The academic world and its different stakeholders are becoming ever more concerned with the assessment of higher education. Rankings are sprouting up in response to this demand for ways of comparing the different merits of institutions. Since rankings proceed from the aggregation of various and somewhat diverse characteristics, they are subject to much criticism. In this paper, we examine whether the quality of academic research can be accurately captured by a single aggregated measure such as a ranking. Our results highlight some of the conceptual and methodological problems with ranking higher education institutions, and warn against the use of one-dimensional measures which can be misleading due to oversimplification.
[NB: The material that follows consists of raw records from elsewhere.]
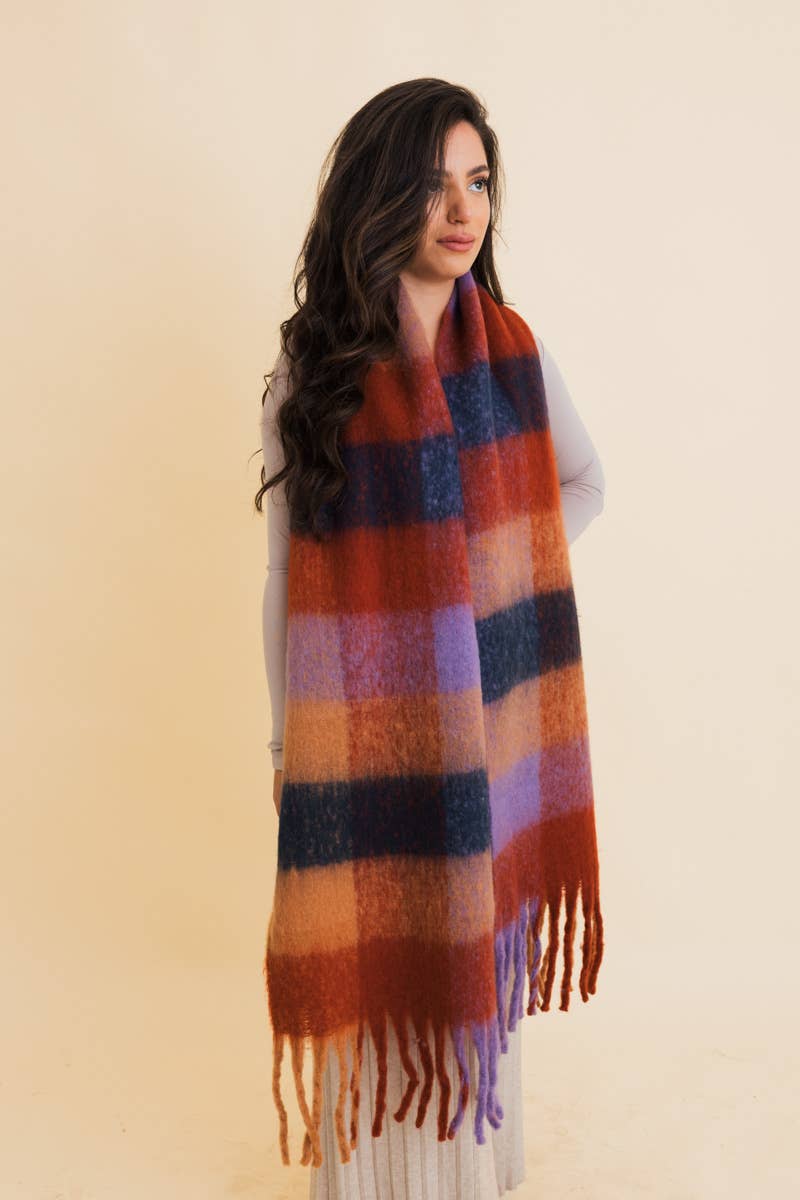 Cozy Breeze Oversized Fringe Scarf- Multiple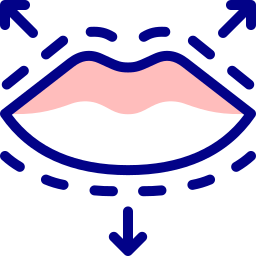aumento de lábios Ícone
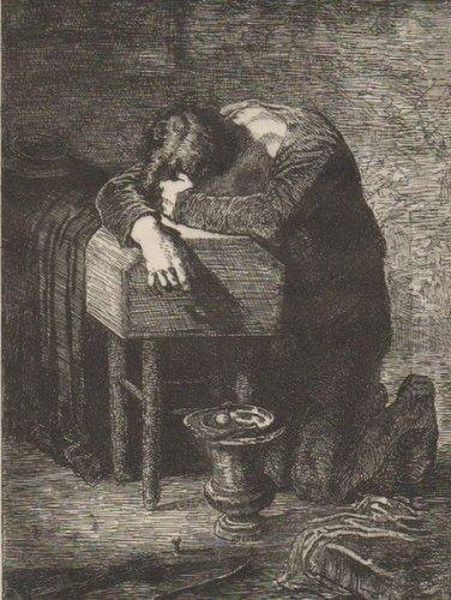 La Mort Desesperee Oil Painting by Francois Nicolas Augustin Feyen-Perrin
With Shanghai University’s Academic Ranking of World Universities as the basis for our study, we use robust principal component analysis (PCA) to uncover the underlying factors measured by this ranking. While PCA is a relatively straightforward and commonly-used method of dimension reduction, it does have certain limitations. In particular, it is a purely descriptive method for quantitative data only, that solely considers the linear dependence between variables. Our analysis shows that for the majority of the institutions in our sample, their ranking in the ARWU proceeds from the combination of two different and uncorrelated aspects of research performance. The first factor assesses research conducted at the highest level, as measured by alumni and faculty recipients of a Nobel Prize or Fields medal, while the second factor measures research in terms of output. This aggregation of uncorrelated factors of performance leads to the loss of some of the information they contain. As a result, changing the relative weight placed upon these two factors significantly alters the ranking. There is a well-known saying that tells us “if you can’t beat ’em, join ’em”. So, if rankings are to be a permanent part of the academic landscape, we should encourage the ongoing debate and establish further guidelines and criteria on how best to conduct and interpret higher education quality assessments.